To validate our method, we conducted experiments using a custom-built quadruped robot platform. The robot features highly flexible leg structures and an advanced control system, enabling real-time adjustment of foot-end attitudes. Key parameters of the robot are summarized in the table below:
| Parameter | Value | Unit |
|---|---|---|
| Body Mass | 95 | kg |
| Leg Mass | 2.45 | kg |
| Hip Joint Distance | 1.2 | m |
| Battery Capacity | 50 | Ah |
| Max Speed | 2 | m/s |
| Max Slope Angle | 30 | ° |
The IMU specifications include a 3-axis accelerometer with a range of ±8g and a gyroscope with a range of ±1250°/s. The experimental setup involved a designed slope with transitions from base to surface and surface to top. The control system centered on an Upboard control panel and STM32F446 motor drivers, facilitating real-time communication and torque control.

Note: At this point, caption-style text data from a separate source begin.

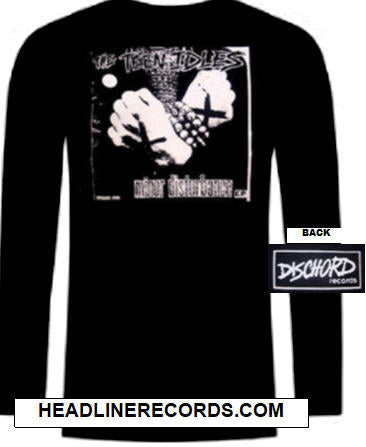 TEEN IDLES - MINOR DISTURBANCE EP LONG SLEEVE TEE SHIRT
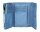 Bull Hunt Midi Flap Wallet-Skyblue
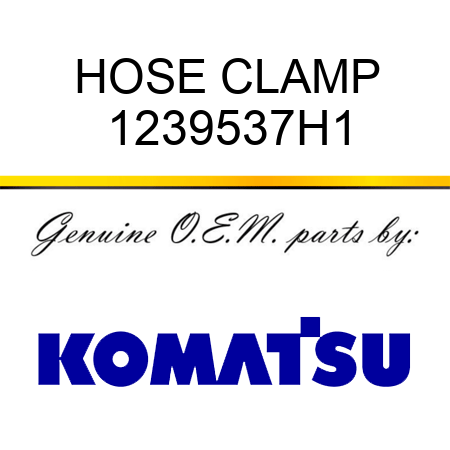 HOSE CLAMP 1239537H1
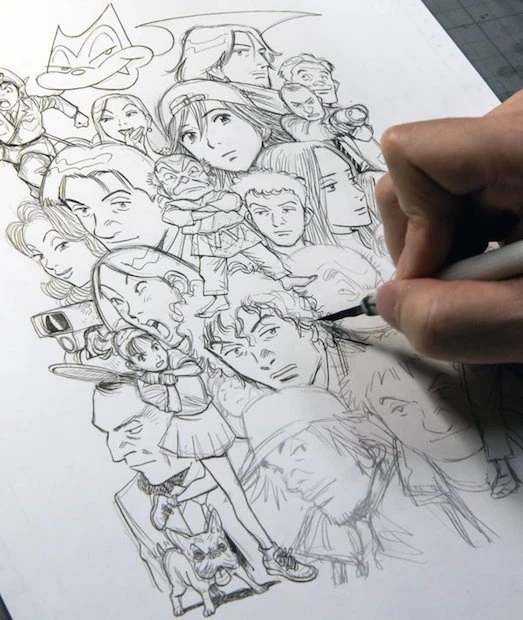 浦沢直樹「描いて描いて描きまくる！」メインビジュアルも公開　漫画家33周年で初の本格的個展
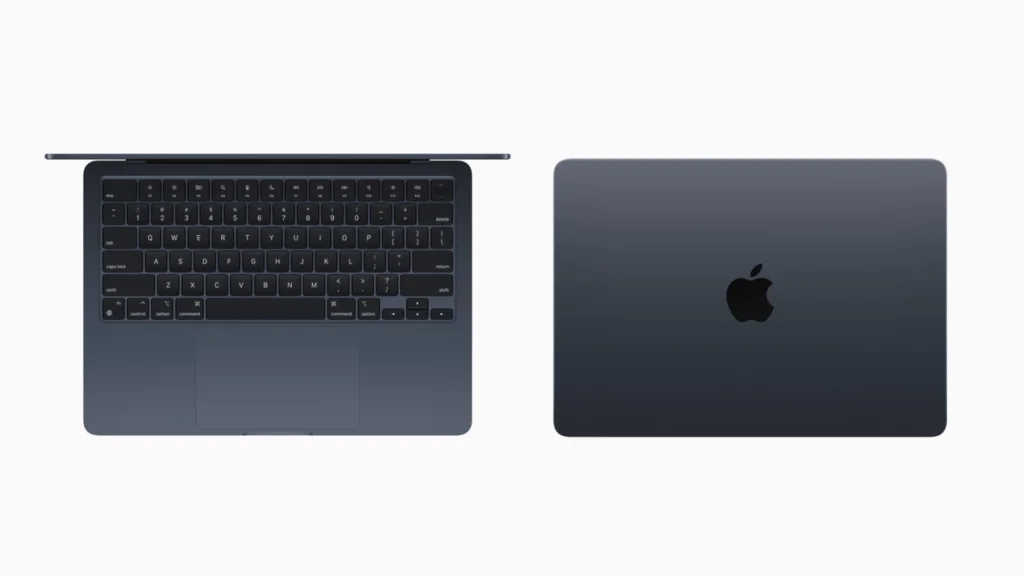 MacBook Air, M2, midnat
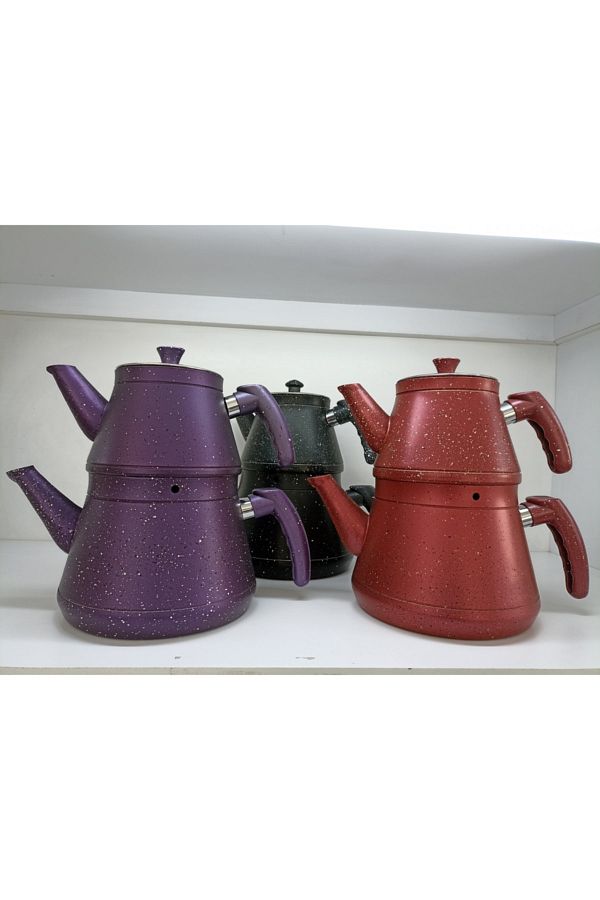 Lider-Granite Teapot with Bakelite Handle 1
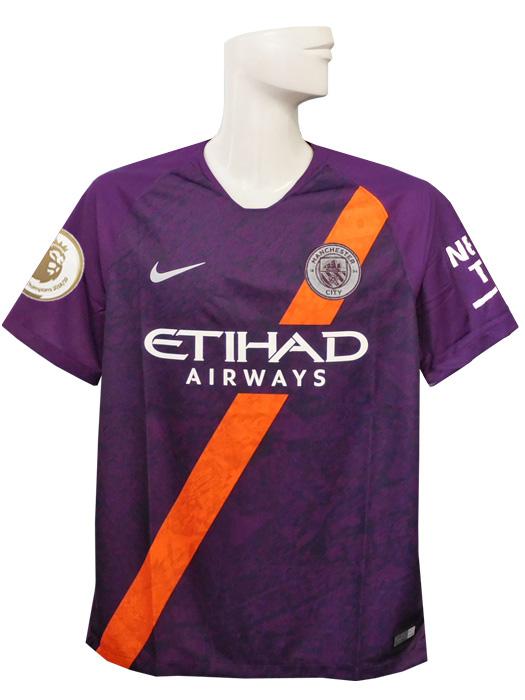 NIKE - マンチェスターシティ 18/19 ダビドシルバ  S ナイキ) NIKE/18/19マンチェスターシティ/サード/半袖/ダビド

During tests, we analyzed the robot’s performance at the slope base and top, measuring the vertical displacement of the center of mass and the forward position of the left front foot-end. The results demonstrated that our method enabled smooth transitions without slipping, whereas comparative approaches exhibited instability. For instance, the vertical position $z$ of the center of mass over time $t$ can be modeled as:
$$ z(t) = z_0 + \int v_z(t) \, dt $$
where $v_z(t)$ is the vertical velocity derived from IMU data. A comparison of control effectiveness is shown in the following table, highlighting the reduction in slippage and improved stability:
| Control Method | Slippage at Base | Slippage at Top | Stability Index |
|---|---|---|---|
| Proposed Method | None | None | High |
| Comparative Method A | Moderate | Low | Medium |
| Comparative Method B | High | Moderate | Low |
These findings underscore the efficacy of integrating inertial measurement and LSTM algorithms in robot technology for robust uphill navigation. The predictive capabilities of the LSTM network, combined with the real-time feedback from IMUs, allow the MPC to preemptively adjust foot-end positions, minimizing disturbances and enhancing overall performance.
In conclusion, this study presents a novel approach to quadruped robot uphill foot-end attitude control, leveraging inertial measurement and LSTM-based prediction to achieve high stability and adaptability. The method effectively addresses challenges such as slippage and tipping during slope transitions, contributing to the advancement of robot technology in complex terrains. Future work could explore extensions to other robotic platforms or integration with additional sensors for further improvements in autonomous navigation.